Brito 18/02/2021
O livro de Cesário Verde
Cesário é o poeta da cidade de Lisboa, poeta do encontro, faz esculturas de gente viva e de realidades ainda mais vivas: calceteiros, varinas, operários, costureiras, burgueses, lojas, pobreza, degradação, injustiça social, indústria, progresso, culturas, ecos da aventura passada além-mar. Poeta do objectivo, do palpável, dos sentidos, da visão, dá-nos o quotidiano prosaico, concreto e real de Lisboa em palavras simples e certeiras, sem sentimentalismos, mas não fica por aí, filtra com o seu olhar transfigurador essa Lisboa que observa, e dá-nos uma pessoalíssima forma de ver a cidade, transforma-a no seu mundo através do olhar simultâneo de poeta simbolista, impressionista, romântico, realista.
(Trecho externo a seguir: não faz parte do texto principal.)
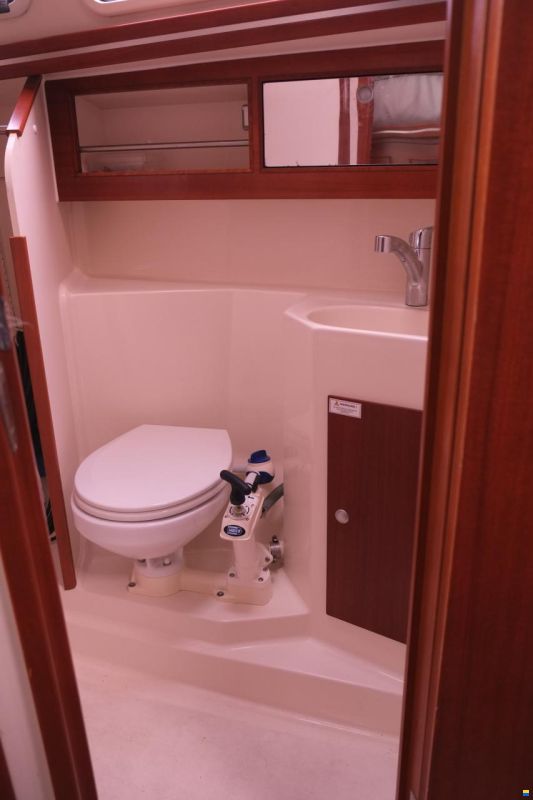 Hanse 342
Homem de contradições, vivendo num período de mudança social, ele próprio era mudança e por isso era incompreendido e não pertencia a lado nenhum, pertencia a si, à sensibilidade que captava no ar, à estesia de que fala o seu amigo Silva Pinto e que lhe proporcionava as imagens visionárias, a adjectivação rica, sugestiva, constrastante. Cesário vivia nesse mundo ricamente contraditório, era o romântico: eu hoje estou cruel, frenético, exigente/ já fumei três maços de cigarros, mas era o realista, o parnasiano que sai sai de si e descreve uma infeliz sem peito, os dois pulmões doentes/ e canta as varinas que à cabeça embalam nas canastras/ os filhos que depois naufragam nas tormentas. Poeta para trazer na algibeira da alma, estranhamente, ou não, ele que cuidava ser um anti-lírico, faz-nos falta para sentir.